RECORDS SUPPLIED:
- Opening Delimiter -

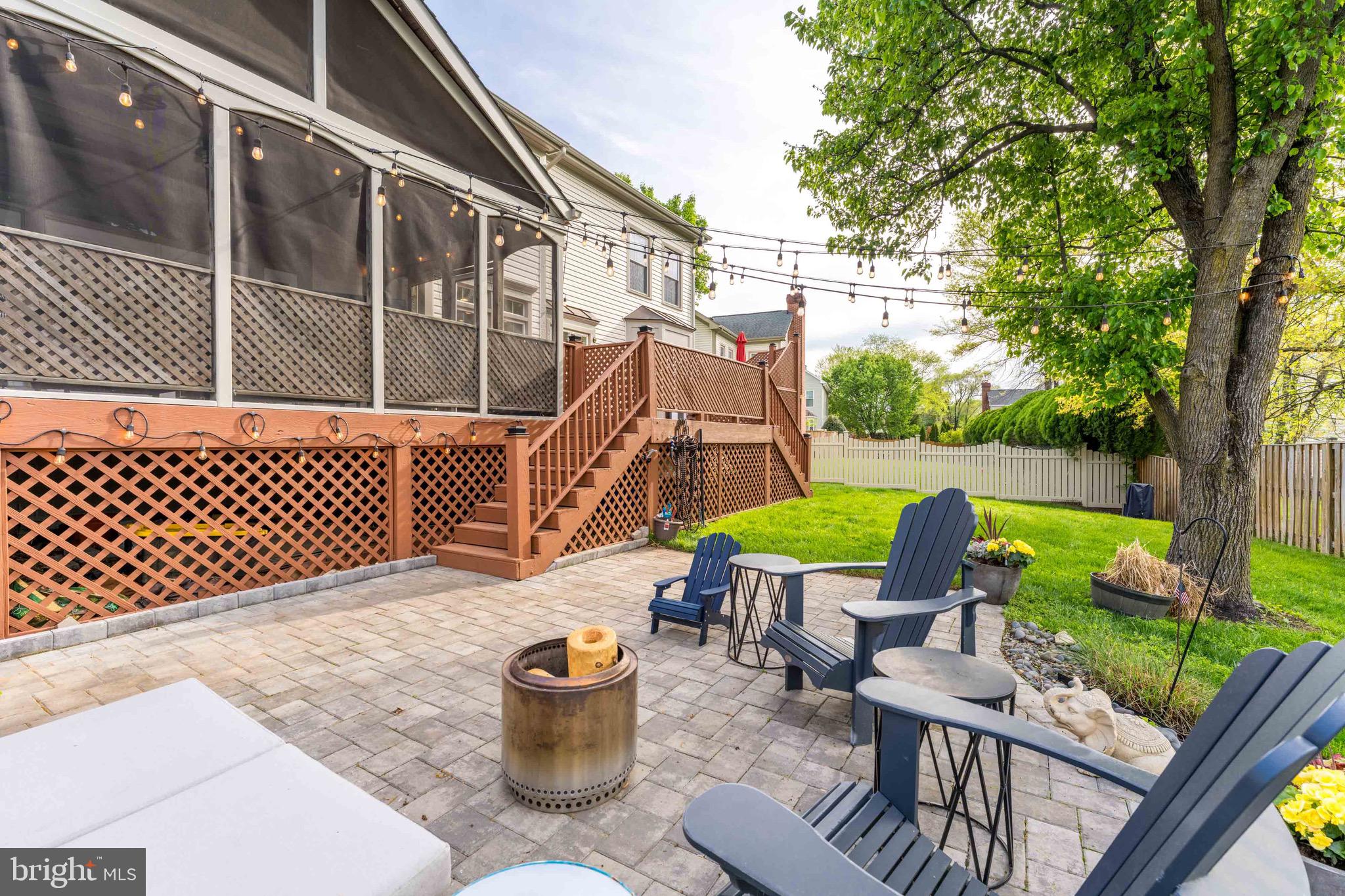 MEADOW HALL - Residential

- Closing Delimiter -
- Opening Delimiter -

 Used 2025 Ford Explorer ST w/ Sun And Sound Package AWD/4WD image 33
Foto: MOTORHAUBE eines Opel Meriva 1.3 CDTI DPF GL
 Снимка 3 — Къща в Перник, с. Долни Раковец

- Closing Delimiter -

PROBLEM STATEMENT: Starting at the line above that holds "Used 2025 Ford" and ending at the line that holds "Снимка 3 — Къща в Перник, с. Долни Раковец", transcribe each line exactly and include no other lines.

EXPECTED ANSWER:
 Used 2025 Ford Explorer ST w/ Sun And Sound Package AWD/4WD image 33
Foto: MOTORHAUBE eines Opel Meriva 1.3 CDTI DPF GL
 Снимка 3 — Къща в Перник, с. Долни Раковец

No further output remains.